**Instructions to follow**
Output only the lines of the entries that follow, starting at the one with "Oyo 60577 Sukhmani" and running down to the one with "grey nike sweatpants", both included and unchanged.

**Dataset**
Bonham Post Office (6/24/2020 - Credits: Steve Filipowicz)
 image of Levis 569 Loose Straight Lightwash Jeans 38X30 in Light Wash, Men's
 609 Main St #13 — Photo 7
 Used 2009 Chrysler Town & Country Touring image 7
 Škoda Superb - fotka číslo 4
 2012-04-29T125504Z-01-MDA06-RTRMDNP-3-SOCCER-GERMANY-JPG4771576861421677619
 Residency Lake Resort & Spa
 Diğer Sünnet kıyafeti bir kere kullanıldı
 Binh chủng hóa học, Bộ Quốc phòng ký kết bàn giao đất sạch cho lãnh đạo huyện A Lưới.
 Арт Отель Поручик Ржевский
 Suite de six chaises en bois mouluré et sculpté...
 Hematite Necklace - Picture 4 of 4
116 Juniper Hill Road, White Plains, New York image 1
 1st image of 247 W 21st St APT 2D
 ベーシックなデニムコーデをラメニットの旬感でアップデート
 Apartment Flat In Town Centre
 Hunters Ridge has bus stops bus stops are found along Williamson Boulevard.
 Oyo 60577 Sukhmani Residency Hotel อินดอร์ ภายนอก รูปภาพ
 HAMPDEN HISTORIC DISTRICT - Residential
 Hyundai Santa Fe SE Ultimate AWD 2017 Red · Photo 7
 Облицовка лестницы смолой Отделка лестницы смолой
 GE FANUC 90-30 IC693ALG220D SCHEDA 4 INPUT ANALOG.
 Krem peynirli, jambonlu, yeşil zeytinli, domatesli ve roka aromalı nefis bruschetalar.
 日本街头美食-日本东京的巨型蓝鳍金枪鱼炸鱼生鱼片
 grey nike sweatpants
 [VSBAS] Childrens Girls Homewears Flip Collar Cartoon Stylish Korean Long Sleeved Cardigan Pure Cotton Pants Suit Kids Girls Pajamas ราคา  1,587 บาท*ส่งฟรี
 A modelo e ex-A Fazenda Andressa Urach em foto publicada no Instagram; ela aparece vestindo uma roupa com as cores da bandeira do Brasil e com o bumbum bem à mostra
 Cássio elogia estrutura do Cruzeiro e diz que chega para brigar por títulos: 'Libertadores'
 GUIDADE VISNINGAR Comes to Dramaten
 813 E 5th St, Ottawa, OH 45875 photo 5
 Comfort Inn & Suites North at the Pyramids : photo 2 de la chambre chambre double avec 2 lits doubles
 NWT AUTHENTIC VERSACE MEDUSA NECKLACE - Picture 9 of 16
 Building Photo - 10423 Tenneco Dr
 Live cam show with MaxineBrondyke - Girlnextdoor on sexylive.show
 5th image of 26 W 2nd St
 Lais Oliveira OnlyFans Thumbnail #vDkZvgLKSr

**Answer box**
 Oyo 60577 Sukhmani Residency Hotel อินดอร์ ภายนอก รูปภาพ
 HAMPDEN HISTORIC DISTRICT - Residential
 Hyundai Santa Fe SE Ultimate AWD 2017 Red · Photo 7
 Облицовка лестницы смолой Отделка лестницы смолой
 GE FANUC 90-30 IC693ALG220D SCHEDA 4 INPUT ANALOG.
 Krem peynirli, jambonlu, yeşil zeytinli, domatesli ve roka aromalı nefis bruschetalar.
 日本街头美食-日本东京的巨型蓝鳍金枪鱼炸鱼生鱼片
 grey nike sweatpants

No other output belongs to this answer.